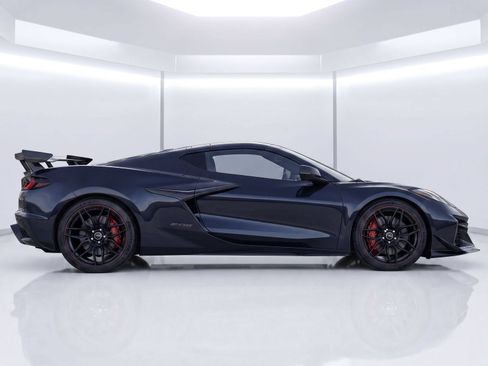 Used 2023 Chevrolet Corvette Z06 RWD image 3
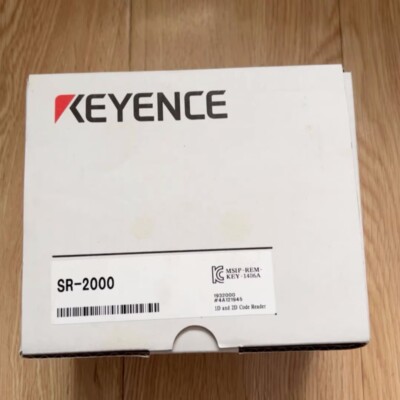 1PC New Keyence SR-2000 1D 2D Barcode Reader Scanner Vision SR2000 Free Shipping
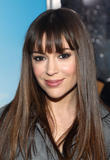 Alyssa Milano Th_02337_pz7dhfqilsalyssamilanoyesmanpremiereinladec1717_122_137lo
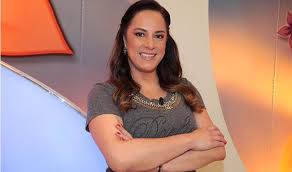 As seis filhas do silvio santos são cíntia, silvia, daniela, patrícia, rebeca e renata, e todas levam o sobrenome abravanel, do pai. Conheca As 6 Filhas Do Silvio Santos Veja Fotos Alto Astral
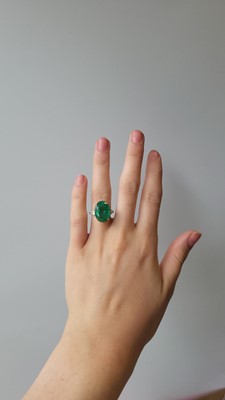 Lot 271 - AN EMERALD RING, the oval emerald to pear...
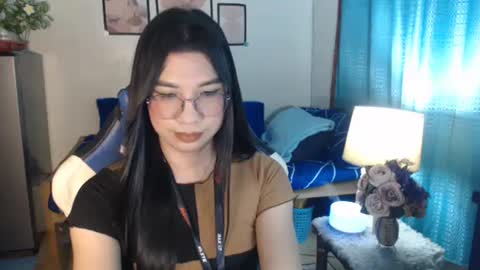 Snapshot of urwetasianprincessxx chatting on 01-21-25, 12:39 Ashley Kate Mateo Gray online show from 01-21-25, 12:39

...

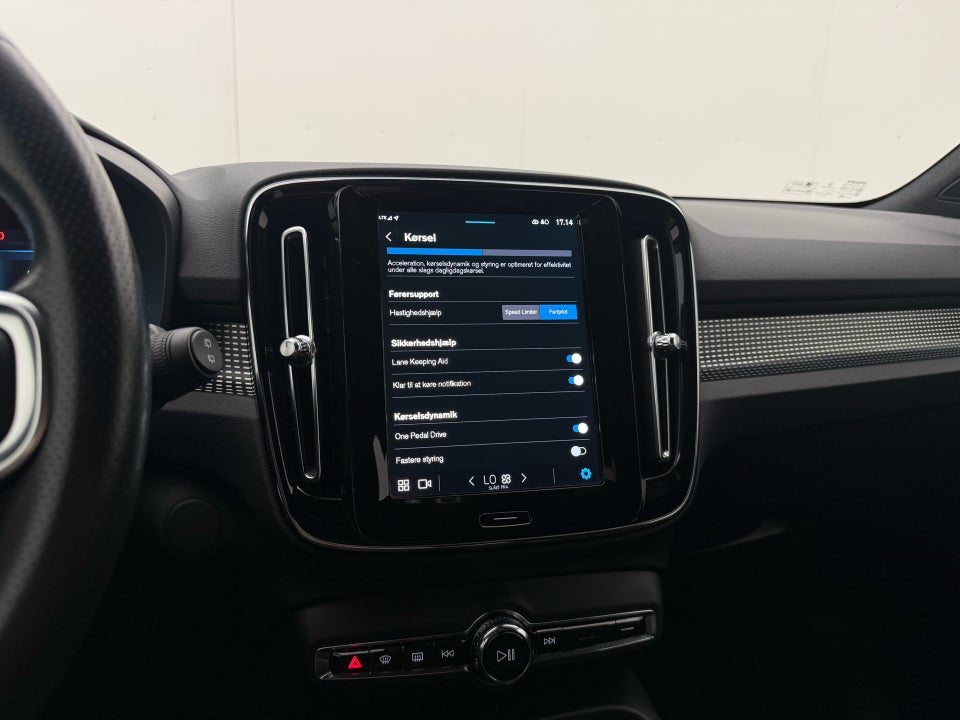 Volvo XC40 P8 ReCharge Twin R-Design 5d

...

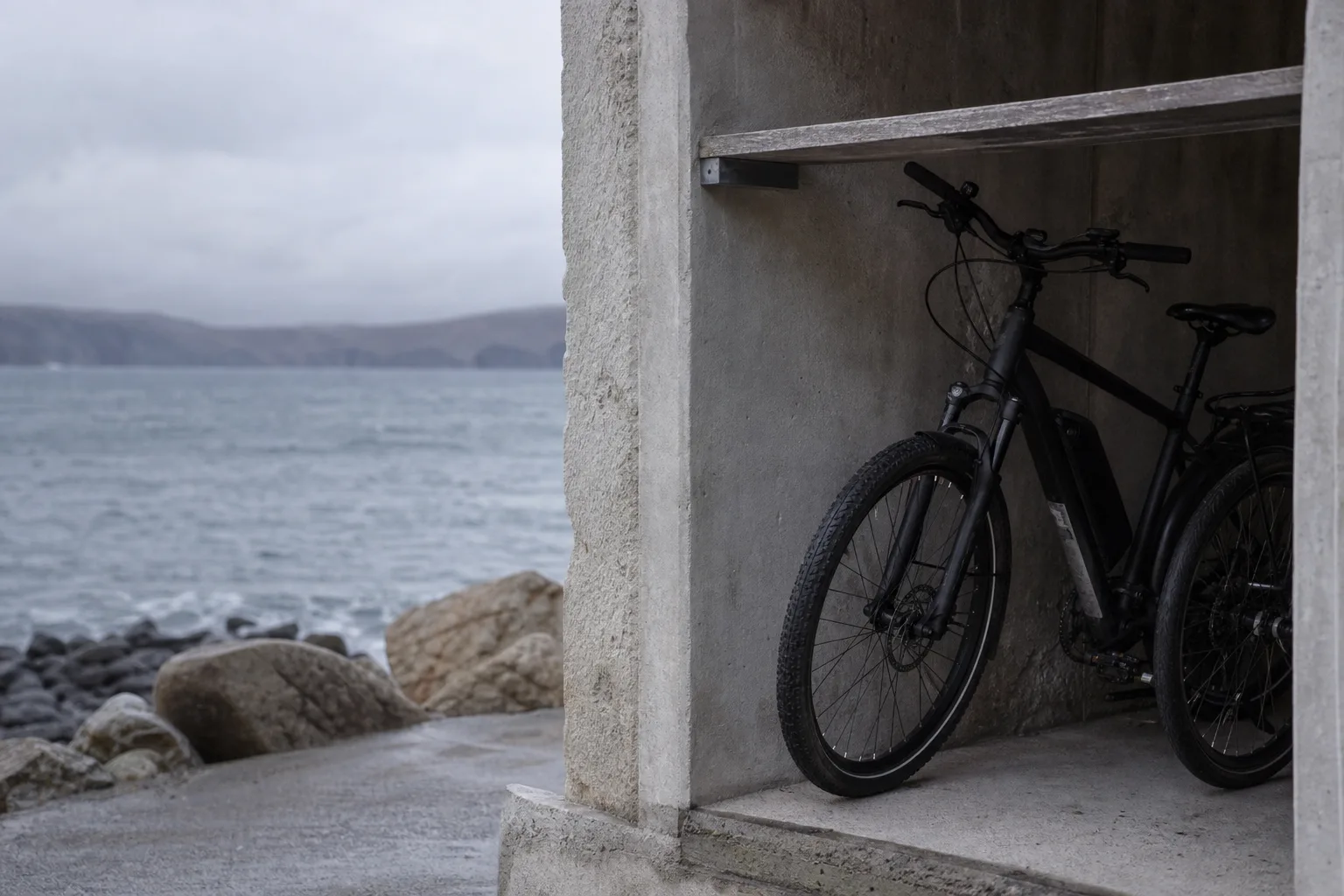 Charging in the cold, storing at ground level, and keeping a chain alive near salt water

→ **About this exercise**
Each line above from the one containing "Used 2023 Chevrolet Corvette Z06 RWD image 3" through the one containing "Lot 271 - AN" is to be returned verbatim. Nothing else, and no pictures.

→ **Solution for this problem**
 Used 2023 Chevrolet Corvette Z06 RWD image 3
 1PC New Keyence SR-2000 1D 2D Barcode Reader Scanner Vision SR2000 Free Shipping
 Alyssa Milano Th_02337_pz7dhfqilsalyssamilanoyesmanpremiereinladec1717_122_137lo
 As seis filhas do silvio santos são cíntia, silvia, daniela, patrícia, rebeca e renata, e todas levam o sobrenome abravanel, do pai. Conheca As 6 Filhas Do Silvio Santos Veja Fotos Alto Astral
 Lot 271 - AN EMERALD RING, the oval emerald to pear...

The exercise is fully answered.